What role do you think Scott plays in Wesley’s journey toward peace in the town of Black River?
“Ain’t as black and white as it seems.”
This was the observation from Wesley concerning the confrontation at school between Scott and the other students,
At first I did not think Scott played a major role in the book. But when I read this quote again, his statement was in such sharp contrast to his demeanor in the rest of the book. It is almost like he is admitting there is some gray in the world, as oppossed to clear right and wrong or black and white. He respected all the rules in the other aspects of his life. He displayed his rigidness while working at the prison and during the illness of his wife. But, when it came to the situation regarding Scott, his position was not as unwavering. Perhaps this was the opportunity for him to acknowledge the vagaries of life.
In the novel, Black River by S.M. Hulse the protagonist, Wesley Carver, embarks on a tireless journey in search of peace after a prison riot and the death of his beloved wife Claire. While in the town of Black River, Montana, Wes encounters his step-son Dennis, as well as a teenager named Scott Bannon. The character of Scott became crucial in Wesley’s quest for peace and happiness. Scott was able to help Wes grieve and fill a part of his life that had been missing. Mentoring Scott and teaching him how to play the fiddle provided a purpose in Wesley’s life, a purpose that dissipated with Claire’s death. For Wes, peace of mind could only be achieved through forgiveness. He needed to forgive Bobby for the unimaginable pain he inflicted, but also himself for the regrets, conflicts, and mistakes present in his life.
Unknowingly, Scott Bannon played a major role in Wesley’s journey towards obtaining inner peace with his dark past in Black River. Scott reminded Wesley of the connection he once had with his stepson Dennis, prior to his abrupt and remorseless departure from Black River. Throughout the novel, we learn that Wesley is crippled from an injury caused by the infamous prison riot, and unable to play his beloved fiddle. He begins to accept his fate when he starts channeling his unused energy into Scott. Immediately, Wesley recognizes something special inside of Scott; a connection with music so deep that it resembles his own. This is where the connection sparked, as Scott symbolized Wes and Dennis’s past relationship that is longed for once again by Wes. Throughout the novel, Wesley’s experiences with Scott guide him to peace and forgiveness in his true home of Black River.

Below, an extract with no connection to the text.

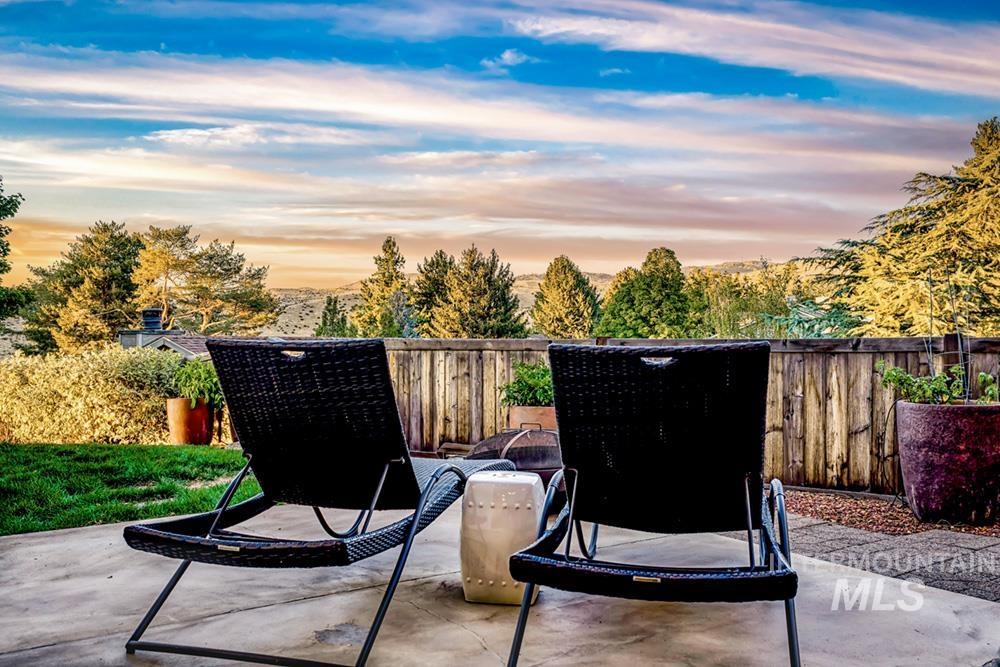 839 E Hearthstone Dr, Boise, Idaho 83702, 5 Bedrooms, 3 Bathrooms, Residential For Sale, Price $1,080,000, 99002519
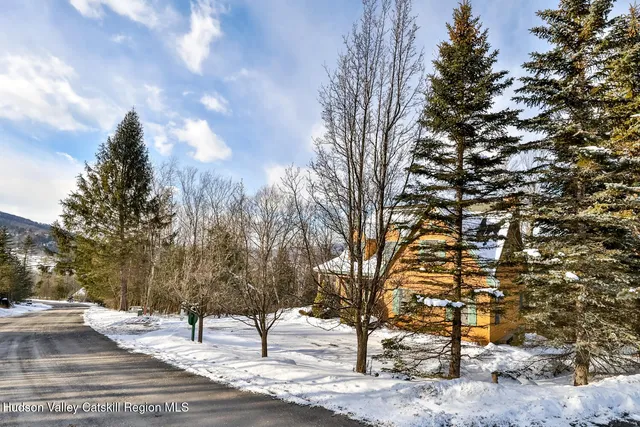 $1,999,000 | 37 White Way, Windham, NY 12496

In the beautifully crafted story, Black River, Wesley is a widowed, retired corrections officer maimed during a riot at Black River prison. He returns home to scatter his wife’s ashes bringing him to his estranged step-son and the chance to attend the parole hearing of his torturer.
During this trip, Wesley meets Scott, a troubled teen, bullied at school, new to town because his father is incarcerated at the prison. Wesley tries helping Scott adapt to living in Black River and as a result Wes revisits the gifts and demons of his own life.
Through Scott, Wesley realizes the spiritual power of fiddling and his ability to still share this gift. Because of Scott, Wesley reassesses suicide, the value of life, the power of listening, and the advantage of being slow to judge or maybe not judge at all. Wesley now sees with new eyes and understands redemption.
The novel ends with Wesley and Dennis, “father and son,” beginning a conversation. What do you think the novel suggests the future holds for the two men?
Wesley and Dennis will have a future together at least as friends, if not as father and son. The most common bond between them is their love for Claire and their need to try to do what they both knew she wanted. In addition, both men learned more about each other in their effort to help Scott. Dennis’s failure to save Scott from his struggle with the sins of his father helped him to understand Wesley’s struggle when raising him. Wesley learned that in his effort to ensure Dennis didn’t turn out like his father that he had been too stern and didn’t show the compassion that Dennis needed.
Wesley’s encounter with Williams helped Wesley to see himself as having more faith then he had thought. Wesley’s decision to believe Williams freed him to see himself and Dennis more clearly. Wes and Dennis will always have their differences, but now they are at a place where they can at least listen to each other.
Liz Saleh, Batavia
The novel ends with the reconnection of Wesley and Dennis with their first real “father-son” conversation. This newfound connection acts as foreshadowing to what their future holds. With the closure Wesley receives from speaking to Williams and Dennis behaving to grieve over Rio both the men are finally vulnerable enough to be able to connect with each other. Dennis has finally realized why Wes was so rigid after the riot when he sees the scars for the first time. Wesley in turn realizes that Rio acted as a comfort to Dennis when he wasn’t there for him. With the void becoming prominent again Wes realizes that they have both matured and are ready for the relationship they both had always wanted.